Multiple measures discussed at an Illinois Senate Appropriations hearing Wednesday seek to award taxpayer funded grants to schools throughout the state for school meal programs.

Kathryn Bernstein, program director at the Illinois Public Health Institute, said they want the General Assembly to fully fund the Healthy School Meals for All program. Bernstein said this would save families $1,200 per child per year and families won’t be at risk for accumulating school meal debt.

Bernstein said federal funds don’t cover all the cost of providing free breakfast and lunch.

“They’re having to [fill that gap] by selling some food to kids, they use local funding so the thought is that this will save taxpayers money by not having to buy food. The schools can do it more efficiently,” said Berstein.

Kirk Smith, the executive director of Illinois Christian Educators, said he doesn’t think it’s unfair that homeschoolers don’t get free lunch and breakfast. The program only extends to public school students.

“We have learned through things like ESAs, Educational Saving Accounts, some states are starting to include homeschooling with that. For us, in this present moment, we’re just concerned that when the government funds something, the government wants to control part or all if it can. We have made the choice to pay double and have our freedoms,” said Kirk.

The Illinois Home School Association said they are not being left out, they opted out when parents chose to homeschool.

“Homeschools are a private school option in Illinois. As such, we follow private school laws,” said Kathy Wentz of the Illinois Homeschool Association.

To fully fund the meals for all students program it would cost taxpayers $209 million.

Smith said funding this program will cost taxpayers more money in the long-run. He also pointed out the “food pyramid” came from a law that was signed to get kids to take in the most calories with the least amount of money.

“The powers that be came up with the pyramid and many nutritionists say, ‘that’s not a good way for our kids to eat.’ Even when the government tries to put their best foot forward, it tends to fail over time,” said Smith.

State Sen. Laura Ellman, D-Naperville, was the legislator who sponsored the bill that makes it to where the state could fund breakfast and lunch for all Illinois students, K-12. The bill passed last year pending appropriations.

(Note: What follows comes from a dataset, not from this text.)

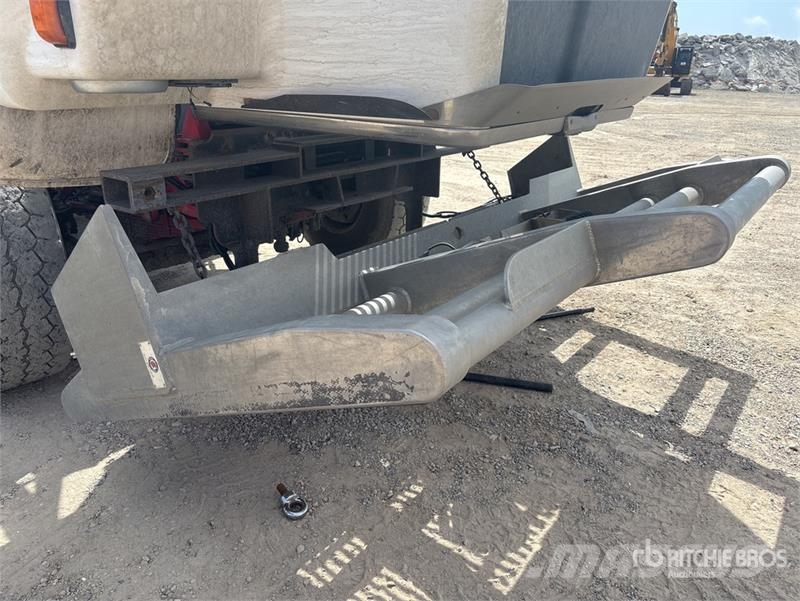 Western Star 4900FXC 6x4 T/A Sleeper Truck Tractor وحدات الجر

“For $209 million it fully funds the program. Not only feeding all kids but eliminating stigma, debt and reliance on food pantries while supporting the health, well being and academic success of all students,” said Ellman. “As we strive to address food deserts and food insecurity in the state, let’s take serious consideration of this program as many other states have already done.”

Michigan and Minnesota have spent $160-200 million of taxpayer money on school meal programs like the Healthy School Meals for All program.